CareerSource Southwest Florida launched its first, Fall Hiring Event Thursday. Hundreds of people walked among the booths, dressed professionally, and instead of having a gun on their person like Gomez, they were armed with their most recent resumes.

With the agency implementing new technology, Gomez wants to increase the size of the police force. The detective wants to fill over 60 positions. Collier and Charlotte County sheriff’s offices have similar human resources ambitions.

“Charlotte County is growing a lot,” Tabbatha Carter said, a lieutenant at Charlotte County Sheriffs Office. “We want to make sure we have enough people employed with the sheriffs’ office to help out the community.

Other employers at this job fair are facing similar issues due to low unemployment.

As of September, the national unemployment rate is 3.7 percent — it hasn’t been this low in nearly 50 years.

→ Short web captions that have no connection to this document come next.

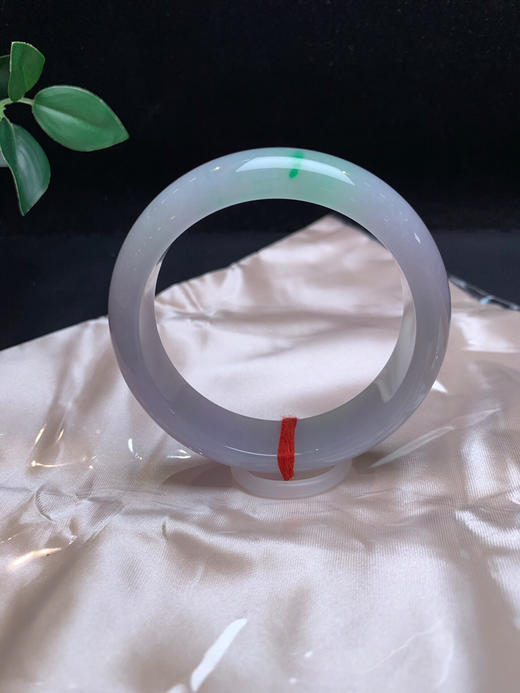 620332，56.7宽版春彩手镯，整条底子均匀细腻，淡紫带一抹绿 商品图0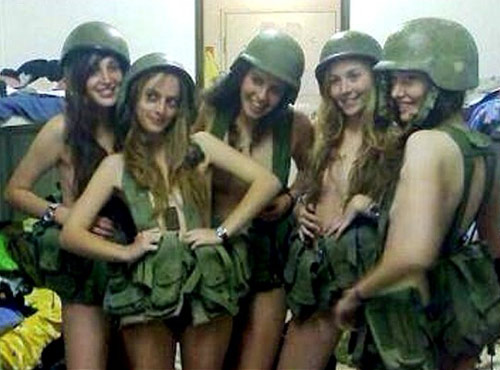 Nữ quân nhân Israel bị kỉ luật vì "ảnh nóng" - 1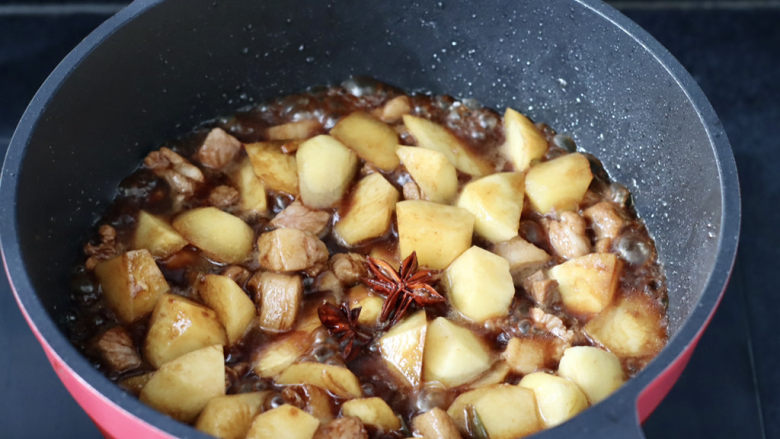 五花肉焖小土豆,锅中倒入适量清水，把所有食材调料翻炒均匀后。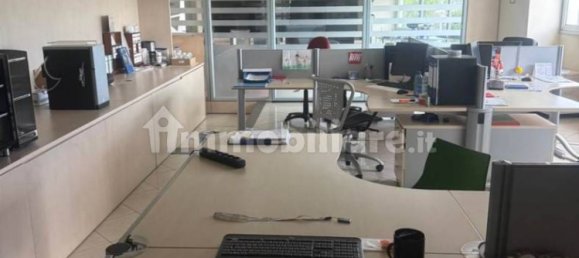 Armazém em Agliana, Italy 1500 m² N.º 351322 33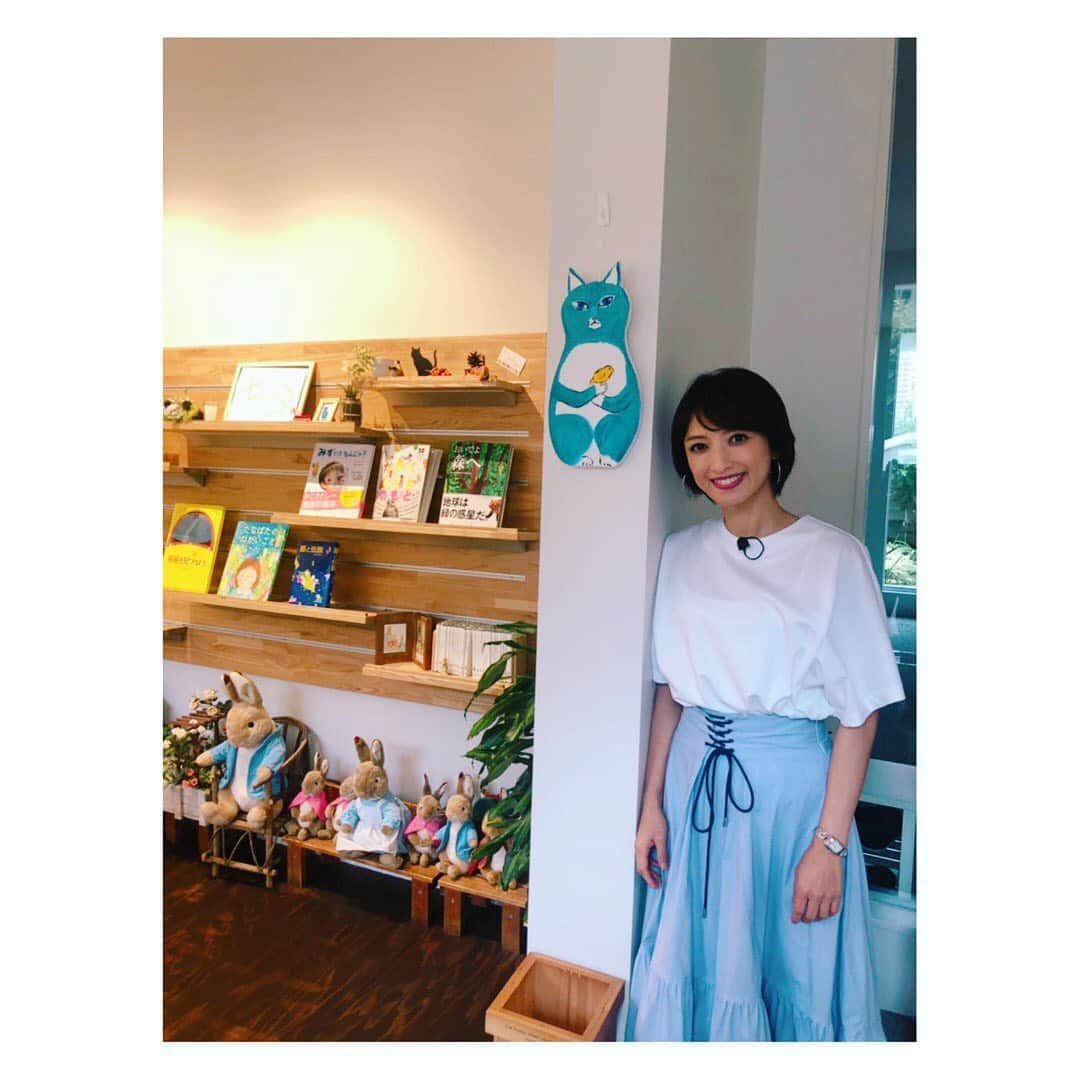 望月理恵さんのインスタグラム写真 - (望月理恵Instagram)「明日は赤羽、十条あたりを 歩きインタビューしてます！ よかったら観てください✨  可愛い本屋さんを発見。 絵本を買いました☺️ #私服#衣装」7月12日 20時18分 - mochiee28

While the Florida governor’s office is expected to release updated unemployment numbers on Friday, it is unlikely the rate will deviate much from its 3.7 percent, either.

Karen Celec, a nursing support recruiter for Lee Health, was at the event stationed with various items that she believes will reflect upon her employer favorably to new applicants.

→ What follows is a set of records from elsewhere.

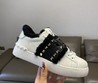 Женские зимние кеды Valentino белые с черным кожаные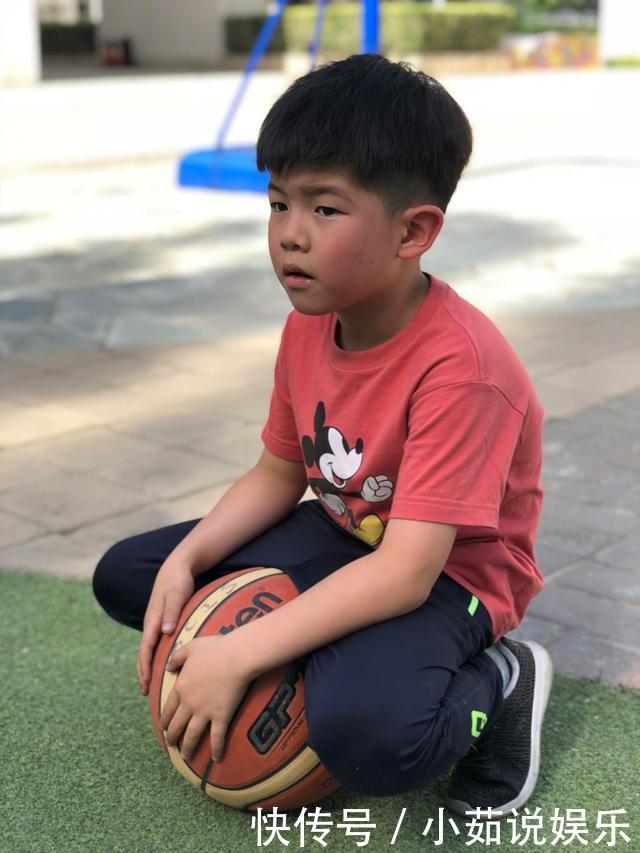 安吉练完足球练篮球,小脸红扑扑都晒黑了,被粉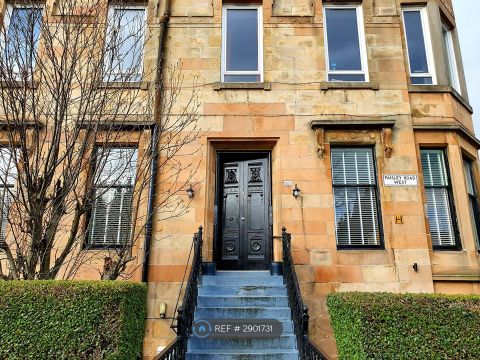 Paisley Road West, Glasgow G51, Studio to rent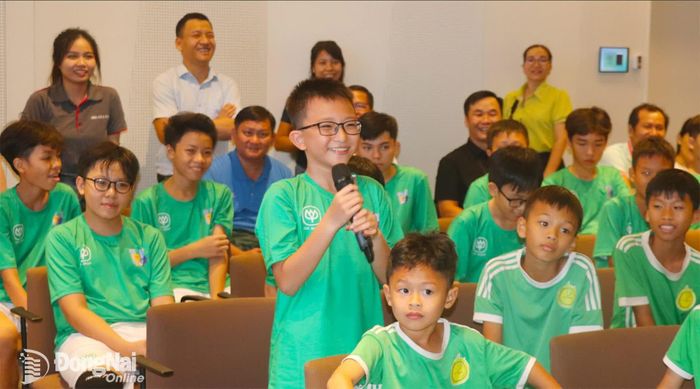 Các cầu thủ nhí tham gia các hoạt động, trò chơi tại C.P. Việt Nam. Ảnh: An Nhơn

“Retention is definitely a problem,” Celec said. “Somebody else may be paying a little bit more; people are looking at that.”

John Anderson, a manager a Sherwin Williams, wasn’t optimistic about his chances of securing talent. He was stationed nearby Celec. Like her, he also had items that help tell part of the story about the company where he works.

“It says it’s a great economy to live in,” Anderson said. “It’s really the benefit of the employee not the employer.”

Logan Harper agrees with Anderson. He feels like he has the power in negotiations with the booming economy.

“It makes me a bigger commodity,” Harper said. “They have to chase after me, [not] the other way around.”

As for Detective Gomez, he’s confident the department will fill the positions quickly.

“When it comes to law enforcement, the more the better,” he said.